Data items
▼▼▼

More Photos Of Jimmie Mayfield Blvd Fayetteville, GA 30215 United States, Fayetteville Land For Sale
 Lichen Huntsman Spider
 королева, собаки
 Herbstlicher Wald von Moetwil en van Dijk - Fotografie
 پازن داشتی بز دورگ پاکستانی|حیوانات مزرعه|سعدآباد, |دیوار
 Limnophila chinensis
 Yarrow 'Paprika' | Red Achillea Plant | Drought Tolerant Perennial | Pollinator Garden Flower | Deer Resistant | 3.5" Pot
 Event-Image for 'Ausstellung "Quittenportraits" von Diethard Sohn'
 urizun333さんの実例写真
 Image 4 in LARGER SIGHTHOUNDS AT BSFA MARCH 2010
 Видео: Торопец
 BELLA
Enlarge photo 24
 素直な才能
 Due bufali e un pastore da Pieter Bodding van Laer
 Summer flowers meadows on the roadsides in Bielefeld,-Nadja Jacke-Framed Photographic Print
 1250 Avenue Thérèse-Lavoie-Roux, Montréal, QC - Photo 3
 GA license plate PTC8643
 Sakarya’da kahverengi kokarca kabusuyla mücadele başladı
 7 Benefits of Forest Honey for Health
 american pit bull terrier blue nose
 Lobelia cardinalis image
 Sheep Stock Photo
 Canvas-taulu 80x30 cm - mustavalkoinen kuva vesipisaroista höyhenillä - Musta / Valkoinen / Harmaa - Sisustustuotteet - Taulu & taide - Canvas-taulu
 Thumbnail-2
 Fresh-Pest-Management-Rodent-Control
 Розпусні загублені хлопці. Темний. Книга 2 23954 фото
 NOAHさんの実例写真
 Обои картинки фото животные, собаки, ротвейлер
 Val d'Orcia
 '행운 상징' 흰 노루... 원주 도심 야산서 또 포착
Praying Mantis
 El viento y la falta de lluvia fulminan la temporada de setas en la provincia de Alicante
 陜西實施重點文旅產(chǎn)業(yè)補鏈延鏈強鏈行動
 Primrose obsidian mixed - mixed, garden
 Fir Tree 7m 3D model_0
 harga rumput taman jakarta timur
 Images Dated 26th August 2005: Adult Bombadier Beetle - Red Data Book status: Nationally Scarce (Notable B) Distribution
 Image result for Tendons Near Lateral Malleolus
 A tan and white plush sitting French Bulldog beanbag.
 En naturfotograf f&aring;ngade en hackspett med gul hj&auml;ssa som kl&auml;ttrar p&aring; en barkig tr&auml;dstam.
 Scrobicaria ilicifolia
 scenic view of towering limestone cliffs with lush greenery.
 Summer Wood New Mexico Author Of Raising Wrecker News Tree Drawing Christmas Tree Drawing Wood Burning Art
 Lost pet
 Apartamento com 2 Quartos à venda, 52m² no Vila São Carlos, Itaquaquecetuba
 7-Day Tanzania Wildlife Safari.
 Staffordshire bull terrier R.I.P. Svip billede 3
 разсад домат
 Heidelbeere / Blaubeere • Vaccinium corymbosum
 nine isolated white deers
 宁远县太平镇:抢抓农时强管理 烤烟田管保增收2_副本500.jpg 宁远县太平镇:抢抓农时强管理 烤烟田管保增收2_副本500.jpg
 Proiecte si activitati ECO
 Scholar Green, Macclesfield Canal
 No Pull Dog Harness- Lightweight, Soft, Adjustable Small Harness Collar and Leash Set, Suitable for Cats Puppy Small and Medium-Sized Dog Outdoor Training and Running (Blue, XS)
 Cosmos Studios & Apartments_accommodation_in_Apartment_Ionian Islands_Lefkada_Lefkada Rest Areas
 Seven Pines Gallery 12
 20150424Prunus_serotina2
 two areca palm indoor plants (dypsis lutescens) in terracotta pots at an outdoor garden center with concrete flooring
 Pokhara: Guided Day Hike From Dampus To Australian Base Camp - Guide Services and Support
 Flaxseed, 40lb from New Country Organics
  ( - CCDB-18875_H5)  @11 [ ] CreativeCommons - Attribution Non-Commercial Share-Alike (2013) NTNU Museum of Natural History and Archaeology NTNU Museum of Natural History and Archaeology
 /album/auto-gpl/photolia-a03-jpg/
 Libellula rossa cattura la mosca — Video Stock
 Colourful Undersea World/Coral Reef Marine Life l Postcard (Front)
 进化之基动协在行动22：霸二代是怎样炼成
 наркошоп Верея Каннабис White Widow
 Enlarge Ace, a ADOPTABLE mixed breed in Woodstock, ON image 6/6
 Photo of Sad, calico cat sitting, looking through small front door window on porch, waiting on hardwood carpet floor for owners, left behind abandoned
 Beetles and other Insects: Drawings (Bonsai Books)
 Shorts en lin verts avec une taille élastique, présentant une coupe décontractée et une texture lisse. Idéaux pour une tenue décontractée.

▲▲▲

#### Work to complete
Of the entries above, repeat exactly the lines between the line with "پازن داشتی بز" and the line with "Видео: Торопец", inclusive, and no others.

#### Solution to the problem
 پازن داشتی بز دورگ پاکستانی|حیوانات مزرعه|سعدآباد, |دیوار
 Limnophila chinensis
 Yarrow 'Paprika' | Red Achillea Plant | Drought Tolerant Perennial | Pollinator Garden Flower | Deer Resistant | 3.5" Pot
 Event-Image for 'Ausstellung "Quittenportraits" von Diethard Sohn'
 urizun333さんの実例写真
 Image 4 in LARGER SIGHTHOUNDS AT BSFA MARCH 2010
 Видео: Торопец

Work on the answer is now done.